Here is an example showing how communicators can help to prevent message-passing mixups. Suppose we have written a program with three processes communicating with each other using MPI calls. Suppose that within the program, each process calls a library routine, and this library is also parallelized with MPI. Ideally, we would not want any intermingling of the messages; however, we haven't created two different message "spaces": one for our messages and one for the library's messages.

The program is intended to proceed according to the sequence below (and pictured in the diagram). In this case, we're fortunate that everything works as intended. The label blue refers to actions directly initiated by the user's code and the label green refers to actions initiated by a parallel library called by the user's code.
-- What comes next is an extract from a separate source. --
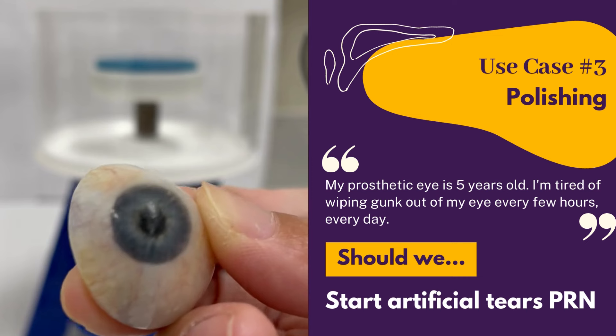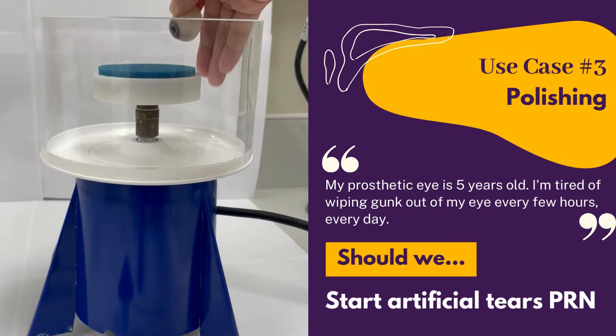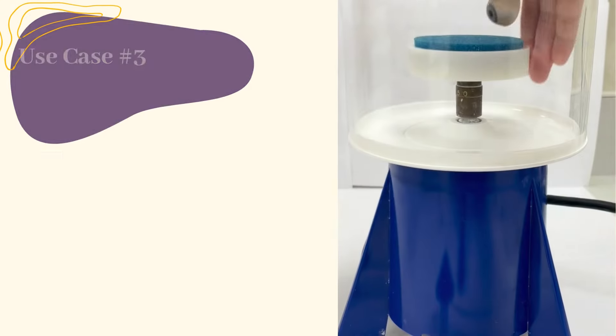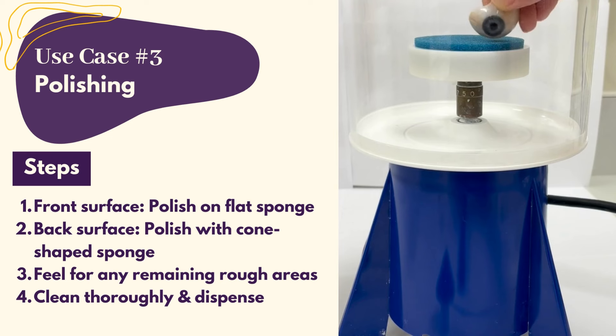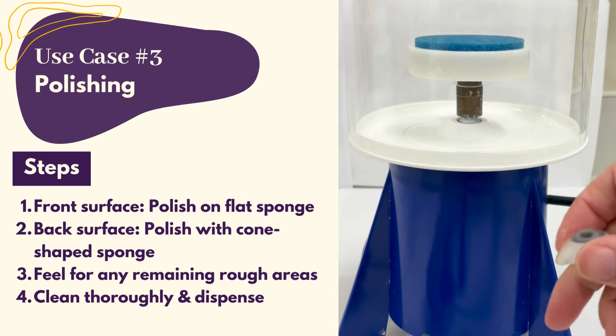Case number three is polishing. Besides lenses, we polish patients' prosthetic eyes. We recommend polishing every six months to improve wetting and reduce discharge, because artificial tears can't solve everything. Most prosthetic eyes are made from hard acrylic. Simply polish the front surface on the flat sponge, then polish the back surface with the cone-shaped sponge.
  1. There are three processes, labeled 0, 1, and 2. Initially, Process 0 and Process 1 each post a blue receive that is open to messages from any source.
  2. Process 2 sends a blue message to Process 1, satisfying the blocking receive on Process 1.
  3. Process 2 sends a blue message to Process 0, satisfying the blocking receive on Process 0.
  4. Process 1 sends a green message to Process 0. This blocks because Process 0 hasn't called receive yet.
  5. Process 0 posts a green receive for messages from Process 1 so the green send from Process 1 at step 4 completes. Process 1 posts a green receive for messages from Process 2. Process 2 posts a green receive for messages from Process 0.
  6. Process 0 posts a green send to Process 2. Process 2 has been waiting for the message since step 5, so the message passing completes.
  7. Process 2 posts a green send to Process 1, which has been waiting since time 5. The message passing completes.
Illustration of desired behavior as described in text.
Desired Behavior (Based on an image by David Walker, Oak Ridge Nat. Lab).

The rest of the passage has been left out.